The goal is to let users leverage the nvidia Docker images
(https://hub.docker.com/r/nvidia/) without any added effort on their
behalf. Using docker they are able to launch containers from these
images by simply running `nvidia-docker run ...` (i.e. they are
unaware that a magic volume is being injected on their behalf). On
Mesos we want the experience to be similar.

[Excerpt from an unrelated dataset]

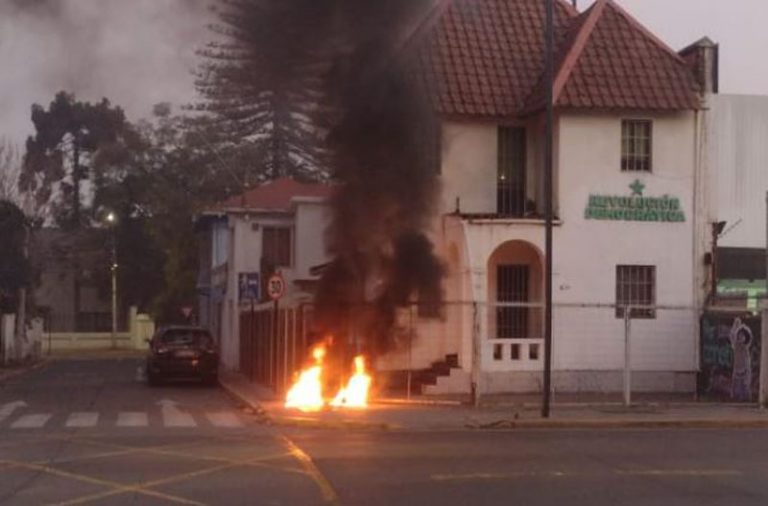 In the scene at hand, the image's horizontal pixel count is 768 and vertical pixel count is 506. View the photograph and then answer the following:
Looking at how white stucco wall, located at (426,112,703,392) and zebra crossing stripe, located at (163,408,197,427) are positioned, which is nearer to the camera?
zebra crossing stripe, located at (163,408,197,427)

In terms of providing an external component to do the library
consolidation instead of building it into Mesos itself -- we
considered this.  We originally planned on building this functionality
as an isolator module (giving us the benefit of external linkage
without having to run a separate linux process), but there some some
limitations with the current isolator interface that prohibit us from
doing this properly. Moreover, building it as an isolator module would
mean that it couldn't be shared by the docker containerizer (which we
plan to add support for in the future).

On Mon, Jun 20, 2016 at 7:30 PM, Jean Christophe “JC” Martin
<jch.mar...@gmail.com> wrote:
> Kevin,
>
> I agree about the need to create the volume, and gather the information. My 
> point was not really clear, sorry.
> My point was that it should not be different than any use case needing 
> special mounts and could either be solved by passing this information at the 
> time of container creation (it doesn’t seem that there are that many 
> libraries, and it would not be harder than say running the mesos slave in a 
> container, purely from a number of volume statements), or it could be solved 
> externally as the docker volume container does with a more generic solution.
>
> Thanks,
>
> JC
>
>> On Jun 20, 2016, at 6:59 PM, Kevin Klues <klue...@gmail.com> wrote:
>>
>> For now we've decided to actually remove the hard dependence on libelf
>> for the 1.0 release and spend a bit more time thinking about the right
>> way to pull it in.
>>
>> Jean, to answer your question though -- someone would still need to
>> consolidate these libraries, even if it wasn't left to Mesos to do so.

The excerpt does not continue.